Find each line of the entries with the string "фото", please, and copy it.

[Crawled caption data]
((
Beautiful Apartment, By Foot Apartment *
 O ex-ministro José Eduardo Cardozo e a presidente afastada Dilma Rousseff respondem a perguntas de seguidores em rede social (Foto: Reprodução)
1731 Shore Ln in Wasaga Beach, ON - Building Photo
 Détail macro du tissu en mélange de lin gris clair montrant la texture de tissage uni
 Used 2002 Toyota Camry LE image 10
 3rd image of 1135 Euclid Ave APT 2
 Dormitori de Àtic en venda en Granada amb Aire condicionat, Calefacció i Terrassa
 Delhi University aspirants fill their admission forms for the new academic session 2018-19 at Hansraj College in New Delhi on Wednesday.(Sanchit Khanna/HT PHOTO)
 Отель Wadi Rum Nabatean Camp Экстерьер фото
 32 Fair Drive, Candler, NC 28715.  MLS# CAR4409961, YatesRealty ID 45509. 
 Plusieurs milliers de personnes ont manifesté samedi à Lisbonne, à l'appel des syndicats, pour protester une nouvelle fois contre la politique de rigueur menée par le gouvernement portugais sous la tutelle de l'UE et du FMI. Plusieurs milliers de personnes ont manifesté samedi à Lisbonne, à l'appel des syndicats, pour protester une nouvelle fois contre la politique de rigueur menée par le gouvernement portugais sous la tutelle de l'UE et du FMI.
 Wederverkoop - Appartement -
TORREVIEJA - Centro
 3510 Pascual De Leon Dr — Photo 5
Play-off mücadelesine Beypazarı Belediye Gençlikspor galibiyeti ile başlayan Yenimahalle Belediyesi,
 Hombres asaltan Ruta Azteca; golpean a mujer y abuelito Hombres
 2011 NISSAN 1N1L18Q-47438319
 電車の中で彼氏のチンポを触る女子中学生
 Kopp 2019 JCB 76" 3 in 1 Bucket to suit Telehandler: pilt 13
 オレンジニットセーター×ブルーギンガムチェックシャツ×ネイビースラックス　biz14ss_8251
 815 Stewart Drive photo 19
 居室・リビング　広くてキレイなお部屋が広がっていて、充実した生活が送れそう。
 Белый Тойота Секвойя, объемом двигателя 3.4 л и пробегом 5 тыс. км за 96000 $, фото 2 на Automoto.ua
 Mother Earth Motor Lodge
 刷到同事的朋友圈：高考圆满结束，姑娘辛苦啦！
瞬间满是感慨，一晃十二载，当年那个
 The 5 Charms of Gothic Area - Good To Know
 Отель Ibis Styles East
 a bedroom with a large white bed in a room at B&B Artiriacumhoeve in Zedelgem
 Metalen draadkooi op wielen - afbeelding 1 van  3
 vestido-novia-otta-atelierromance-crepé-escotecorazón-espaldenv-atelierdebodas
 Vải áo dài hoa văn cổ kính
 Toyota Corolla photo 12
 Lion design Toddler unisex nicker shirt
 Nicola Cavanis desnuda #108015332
))
FINAL ANSWER:
 Отель Wadi Rum Nabatean Camp Экстерьер фото
 Белый Тойота Секвойя, объемом двигателя 3.4 л и пробегом 5 тыс. км за 96000 $, фото 2 на Automoto.ua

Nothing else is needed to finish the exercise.